Records from a dataset:
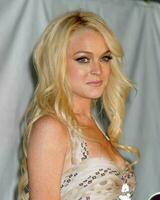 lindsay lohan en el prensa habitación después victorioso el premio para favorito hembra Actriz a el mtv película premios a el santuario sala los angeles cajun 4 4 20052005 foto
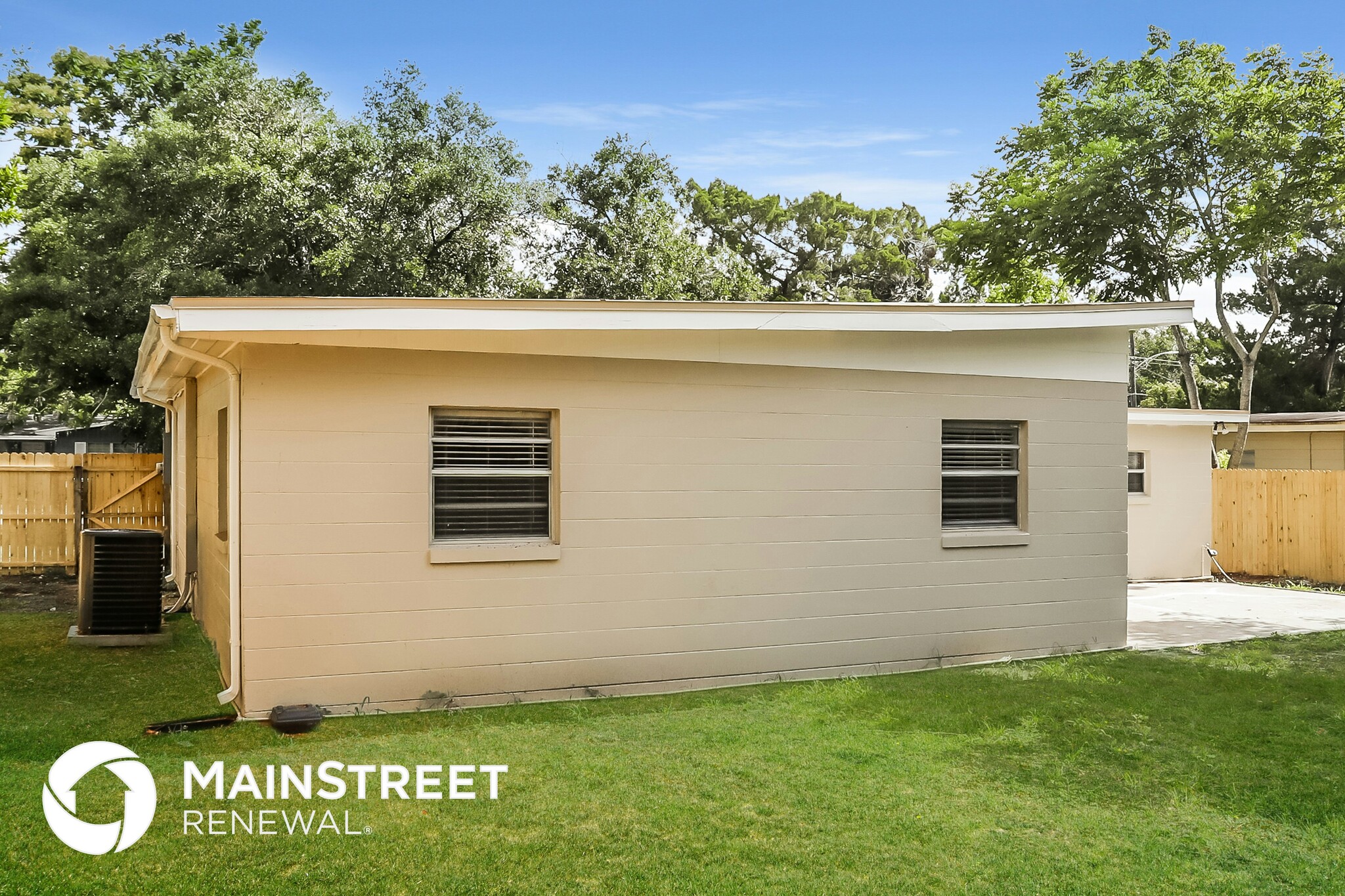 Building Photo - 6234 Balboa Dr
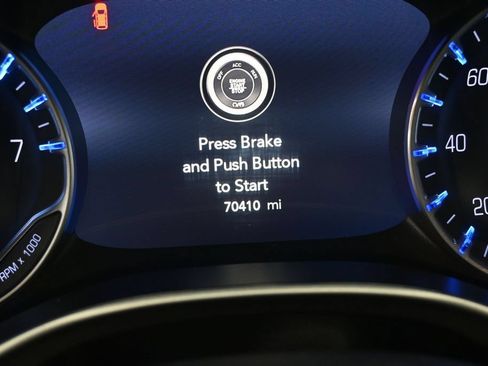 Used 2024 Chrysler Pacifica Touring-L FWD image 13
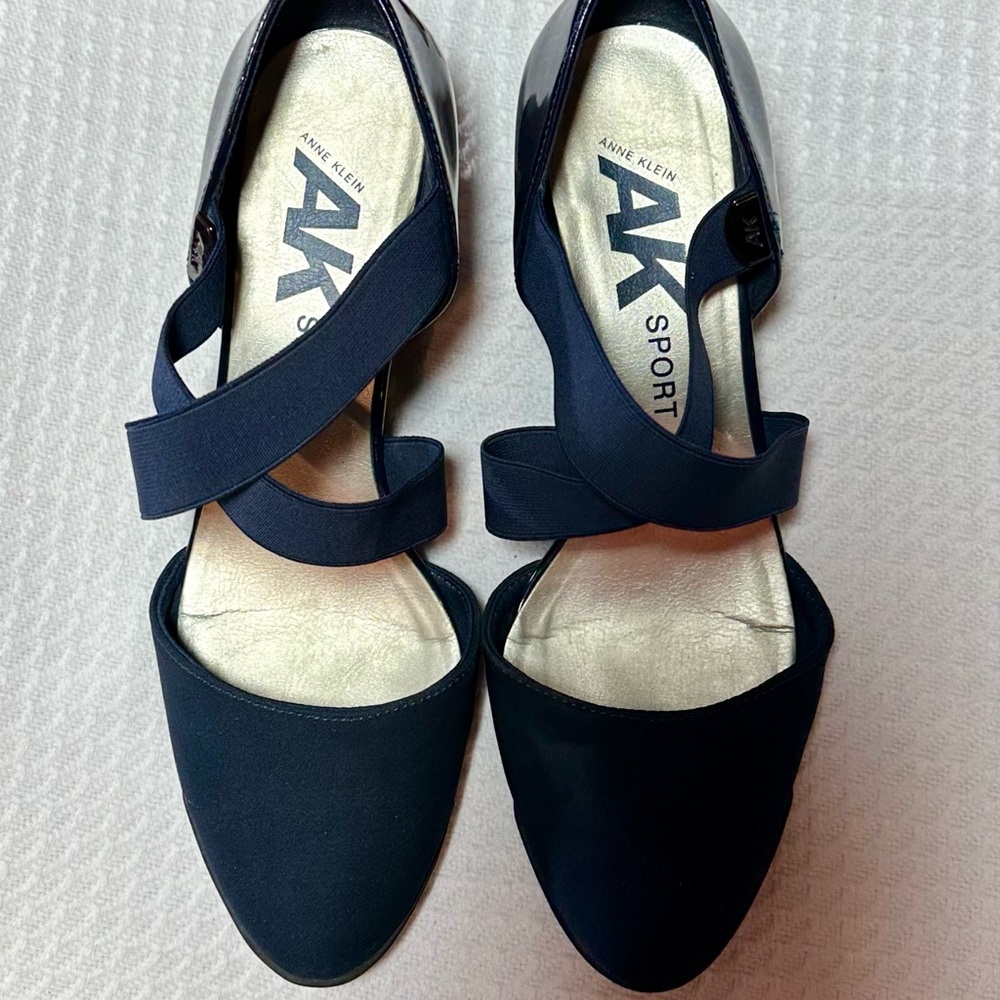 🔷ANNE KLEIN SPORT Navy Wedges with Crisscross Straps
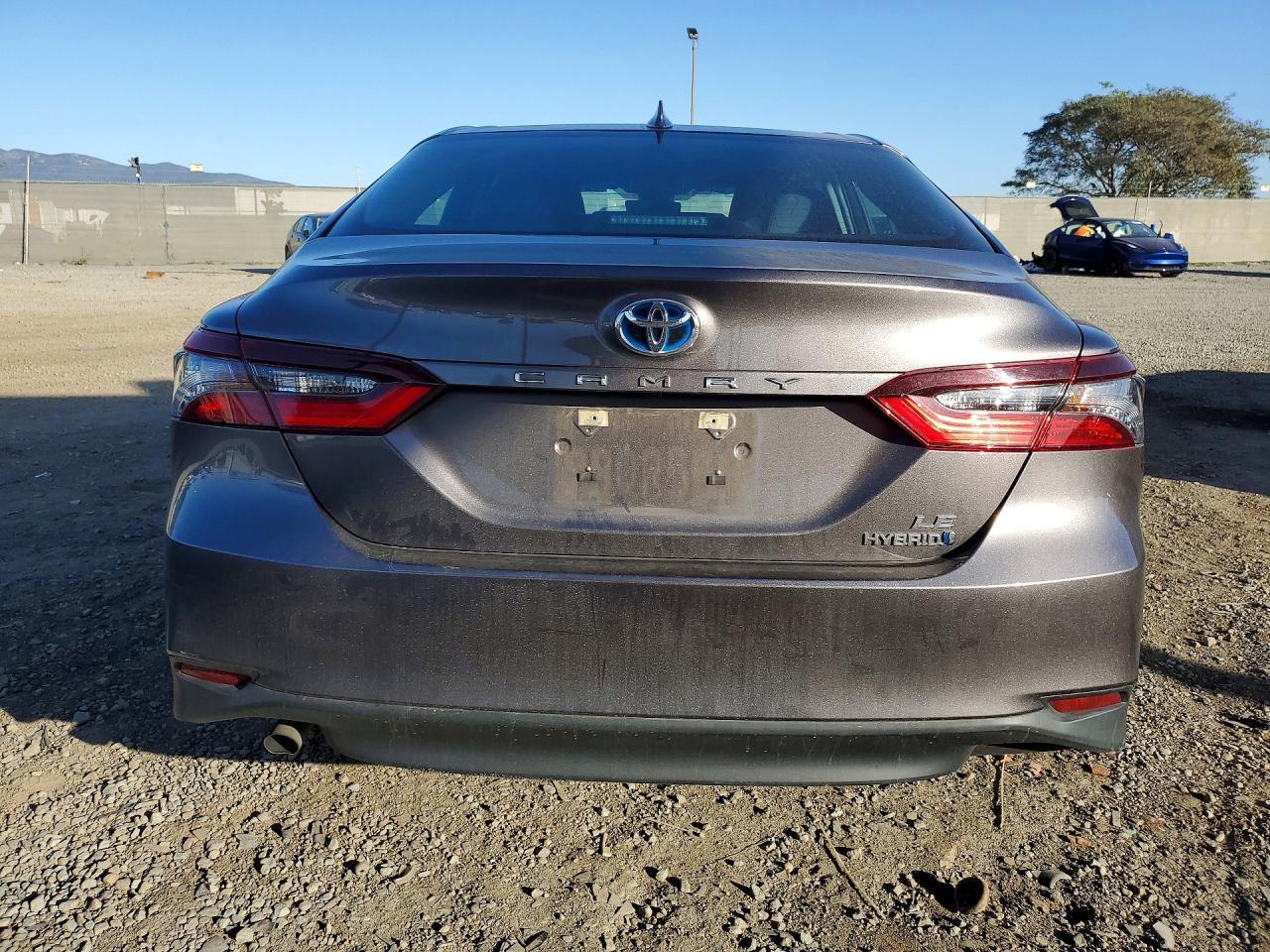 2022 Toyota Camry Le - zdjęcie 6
...
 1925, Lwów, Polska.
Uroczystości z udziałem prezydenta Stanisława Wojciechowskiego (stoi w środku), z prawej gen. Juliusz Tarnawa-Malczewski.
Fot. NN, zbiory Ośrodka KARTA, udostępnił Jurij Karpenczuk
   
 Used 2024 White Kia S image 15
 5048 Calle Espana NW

▸ **Work to complete**
For the lines above, output exactly those from the line containing "1925, Lwów, Polska." through the line containing "5048 Calle Espana NW", and skip the others.

▸ **Answer to the exercise**
 1925, Lwów, Polska.
Uroczystości z udziałem prezydenta Stanisława Wojciechowskiego (stoi w środku), z prawej gen. Juliusz Tarnawa-Malczewski.
Fot. NN, zbiory Ośrodka KARTA, udostępnił Jurij Karpenczuk
   
 Used 2024 White Kia S image 15
 5048 Calle Espana NW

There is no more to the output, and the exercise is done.